EXERCISE BRIEF:
Your copy of the entries below should hold exactly the lines from the one containing "Silver metallic ear" to the one containing "Camisa Artística Floral", inclusive, and no pictures.

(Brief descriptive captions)
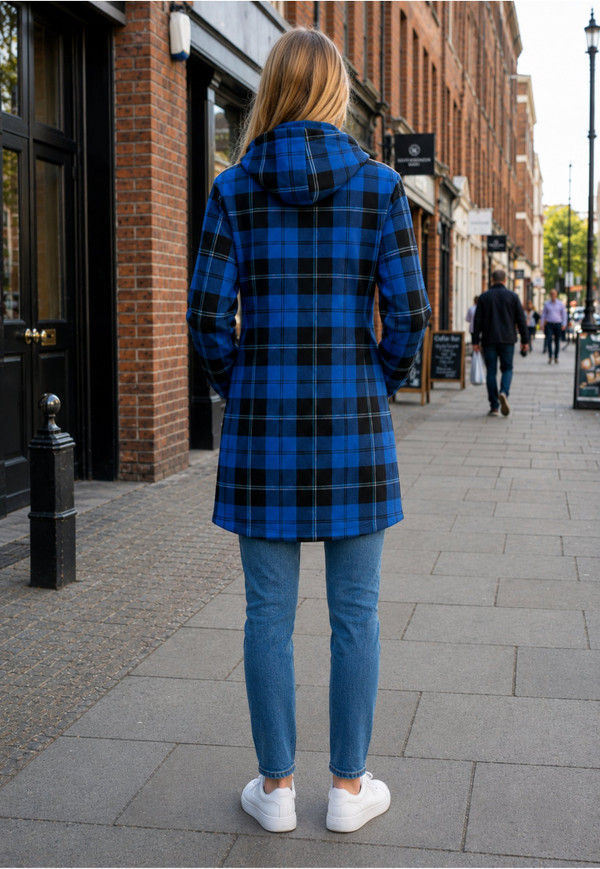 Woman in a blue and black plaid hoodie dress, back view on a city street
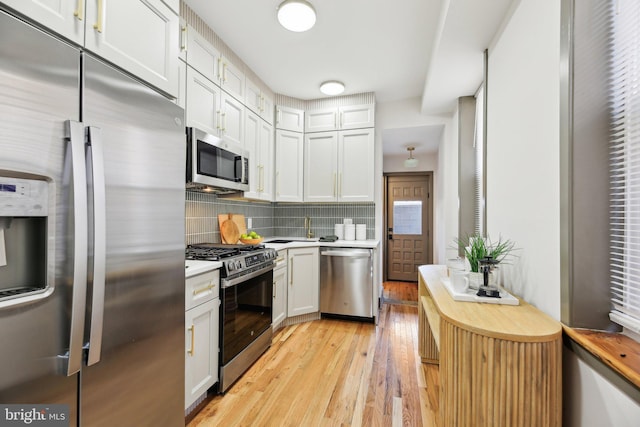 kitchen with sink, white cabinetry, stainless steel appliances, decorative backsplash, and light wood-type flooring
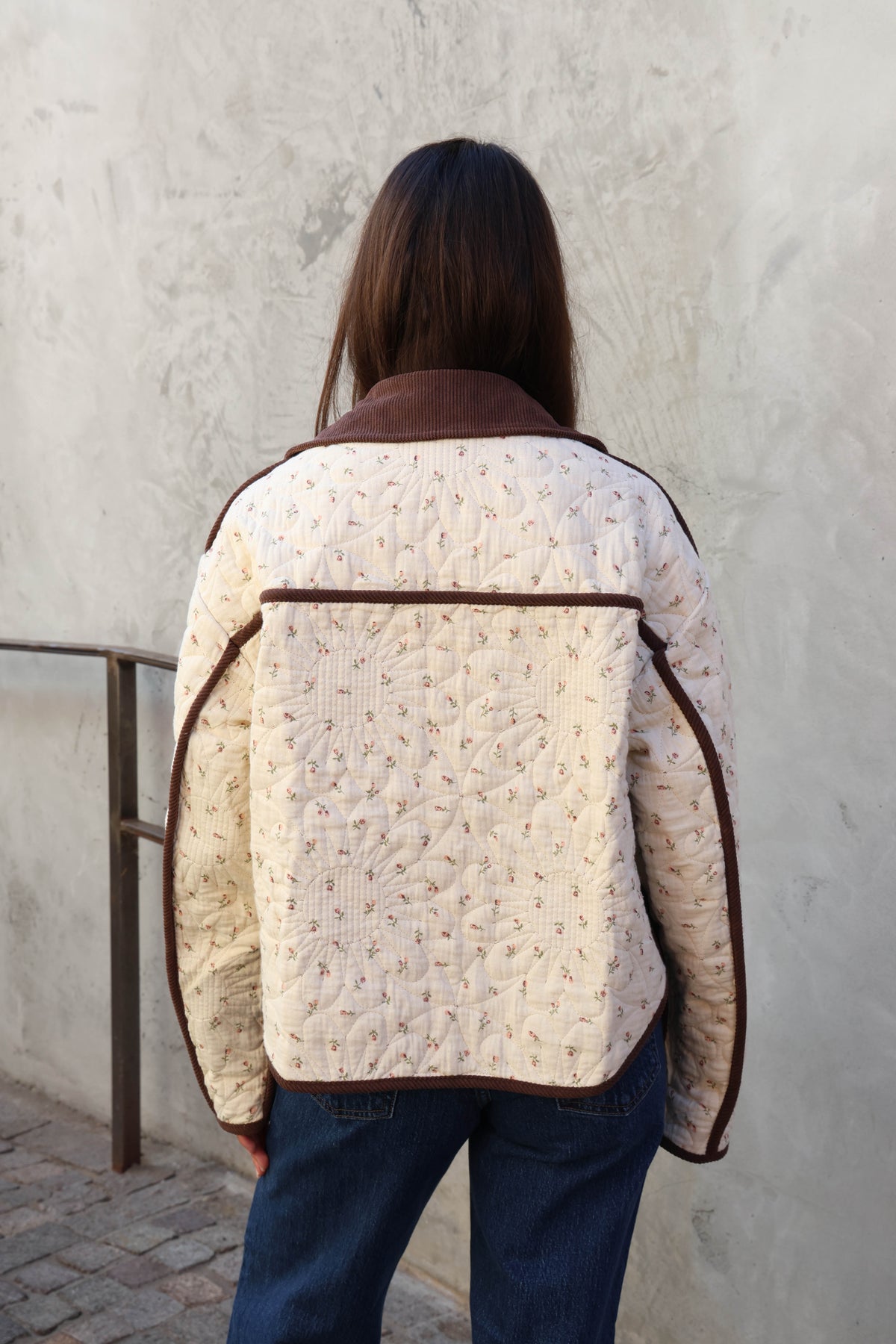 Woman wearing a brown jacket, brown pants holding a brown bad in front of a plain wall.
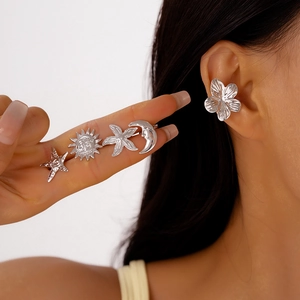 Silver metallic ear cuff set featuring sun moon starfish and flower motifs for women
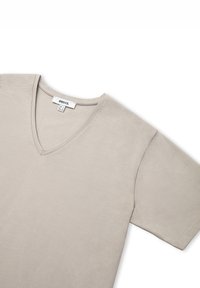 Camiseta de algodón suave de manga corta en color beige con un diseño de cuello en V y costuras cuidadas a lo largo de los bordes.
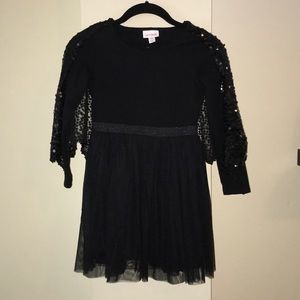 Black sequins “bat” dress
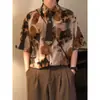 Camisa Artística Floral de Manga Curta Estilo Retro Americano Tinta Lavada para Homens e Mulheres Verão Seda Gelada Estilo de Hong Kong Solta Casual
...
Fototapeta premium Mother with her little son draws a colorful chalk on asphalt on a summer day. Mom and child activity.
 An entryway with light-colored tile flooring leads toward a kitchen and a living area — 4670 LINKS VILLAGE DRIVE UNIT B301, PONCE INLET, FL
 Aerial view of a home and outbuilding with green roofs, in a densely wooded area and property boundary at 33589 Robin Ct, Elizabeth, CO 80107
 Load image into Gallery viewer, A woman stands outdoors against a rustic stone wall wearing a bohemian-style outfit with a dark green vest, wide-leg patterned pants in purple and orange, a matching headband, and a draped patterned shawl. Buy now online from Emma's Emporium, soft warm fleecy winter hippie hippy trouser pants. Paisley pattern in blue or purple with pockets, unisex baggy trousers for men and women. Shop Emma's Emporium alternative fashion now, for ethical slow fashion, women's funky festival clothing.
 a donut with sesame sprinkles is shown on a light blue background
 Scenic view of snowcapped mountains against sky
--
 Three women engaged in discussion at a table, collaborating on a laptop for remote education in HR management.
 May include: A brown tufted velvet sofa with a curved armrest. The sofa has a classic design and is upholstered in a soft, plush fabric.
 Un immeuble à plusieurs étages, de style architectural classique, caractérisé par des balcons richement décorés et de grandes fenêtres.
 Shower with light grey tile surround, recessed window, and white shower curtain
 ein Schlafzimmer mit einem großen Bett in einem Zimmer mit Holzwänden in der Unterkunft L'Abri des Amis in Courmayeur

ANSWER SPACE:
 Silver metallic ear cuff set featuring sun moon starfish and flower motifs for women
 Camiseta de algodón suave de manga corta en color beige con un diseño de cuello en V y costuras cuidadas a lo largo de los bordes.
 Black sequins “bat” dress
 Camisa Artística Floral de Manga Curta Estilo Retro Americano Tinta Lavada para Homens e Mulheres Verão Seda Gelada Estilo de Hong Kong Solta Casual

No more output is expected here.